The Ancillary Claims Dependent on the Main Claim Were also Justified as Part of the Damages in Proportion to the Merits of the Appeal.
In other respects – i.e., regarding the other pieces of furniture whose damage the plaintiff complains about – the appeal was to be dismissed as unfounded. The plaintiff, who also bears the burden of presentation and proof in this respect, was unable to prove that damage did not already exist before the defendant took over.
The testimony of witness T. was inconclusive in this regard, as she was unable to make any statements about the furniture in the warehouse, such as the bed, the coffee table, and the living room suite, because she stated that she had not looked at the furniture that had to be brought up from the basement. Insofar as the witness stated with regard to the living room suite that the tear visible in the photo must have been recognized during loading and could easily occur when loading the piece of furniture, this is not a statement that the witness made based on her own perception, but on general experience, which is why the chamber was prevented from basing a conviction on this statement.
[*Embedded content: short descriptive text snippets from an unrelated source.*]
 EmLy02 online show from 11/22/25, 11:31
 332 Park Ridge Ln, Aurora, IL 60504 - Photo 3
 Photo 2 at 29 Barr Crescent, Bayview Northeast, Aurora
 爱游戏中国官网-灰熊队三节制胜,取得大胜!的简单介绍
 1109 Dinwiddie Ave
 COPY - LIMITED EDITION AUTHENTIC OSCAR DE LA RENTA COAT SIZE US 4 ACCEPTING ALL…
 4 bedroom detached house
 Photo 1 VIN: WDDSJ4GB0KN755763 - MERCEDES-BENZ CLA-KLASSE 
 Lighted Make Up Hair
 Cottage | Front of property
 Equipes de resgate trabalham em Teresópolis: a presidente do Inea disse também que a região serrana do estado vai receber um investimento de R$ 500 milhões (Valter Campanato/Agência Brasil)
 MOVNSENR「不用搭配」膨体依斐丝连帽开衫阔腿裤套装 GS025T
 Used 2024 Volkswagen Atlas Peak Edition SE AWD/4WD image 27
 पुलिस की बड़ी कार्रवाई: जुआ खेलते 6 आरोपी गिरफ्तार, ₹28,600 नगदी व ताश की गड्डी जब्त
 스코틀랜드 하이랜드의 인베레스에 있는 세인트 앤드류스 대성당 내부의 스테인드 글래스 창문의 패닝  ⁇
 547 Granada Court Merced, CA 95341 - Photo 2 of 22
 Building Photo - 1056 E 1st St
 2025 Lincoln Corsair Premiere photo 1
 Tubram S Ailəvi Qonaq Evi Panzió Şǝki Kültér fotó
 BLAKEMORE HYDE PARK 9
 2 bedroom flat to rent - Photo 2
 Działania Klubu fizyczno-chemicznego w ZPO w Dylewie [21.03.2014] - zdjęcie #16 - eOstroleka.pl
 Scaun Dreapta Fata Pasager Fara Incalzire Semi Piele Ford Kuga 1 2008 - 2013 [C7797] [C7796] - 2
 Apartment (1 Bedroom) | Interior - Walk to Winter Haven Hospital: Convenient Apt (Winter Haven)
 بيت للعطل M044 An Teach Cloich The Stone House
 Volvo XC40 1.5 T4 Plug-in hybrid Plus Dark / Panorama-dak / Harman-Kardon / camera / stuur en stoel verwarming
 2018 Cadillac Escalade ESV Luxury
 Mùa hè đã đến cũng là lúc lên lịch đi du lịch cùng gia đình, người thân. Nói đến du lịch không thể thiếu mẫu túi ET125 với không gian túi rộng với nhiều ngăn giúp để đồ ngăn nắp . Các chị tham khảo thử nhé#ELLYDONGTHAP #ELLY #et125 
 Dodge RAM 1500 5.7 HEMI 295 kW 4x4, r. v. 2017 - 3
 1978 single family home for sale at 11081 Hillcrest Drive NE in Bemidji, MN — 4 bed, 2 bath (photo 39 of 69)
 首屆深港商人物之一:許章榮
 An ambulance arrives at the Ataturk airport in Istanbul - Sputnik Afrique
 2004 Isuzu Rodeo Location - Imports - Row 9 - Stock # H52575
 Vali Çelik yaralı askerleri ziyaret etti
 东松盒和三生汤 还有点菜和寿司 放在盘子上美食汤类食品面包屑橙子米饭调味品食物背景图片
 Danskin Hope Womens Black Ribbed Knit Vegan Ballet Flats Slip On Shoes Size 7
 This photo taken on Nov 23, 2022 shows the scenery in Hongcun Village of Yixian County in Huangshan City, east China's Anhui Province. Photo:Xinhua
The described experiences also do not allow any conclusion as to during which transport process the tear occurred. It could just as well have occurred during transport to the basement and thus have already existed before takeover.
Insofar as the plaintiff claims for additional furniture mentioned in the statement of claim, he has not conclusively presented the alleged damage even after judicial notice.
The revision is not to be allowed, as the legal case is neither of fundamental importance nor does the development of the law or the assurance of consistent jurisprudence require a decision by the court of revision.
The procedural ancillary decisions are based on §§ 92 para. 1, 97 para. 1, 708 No. 10, 711, 713 ZPO.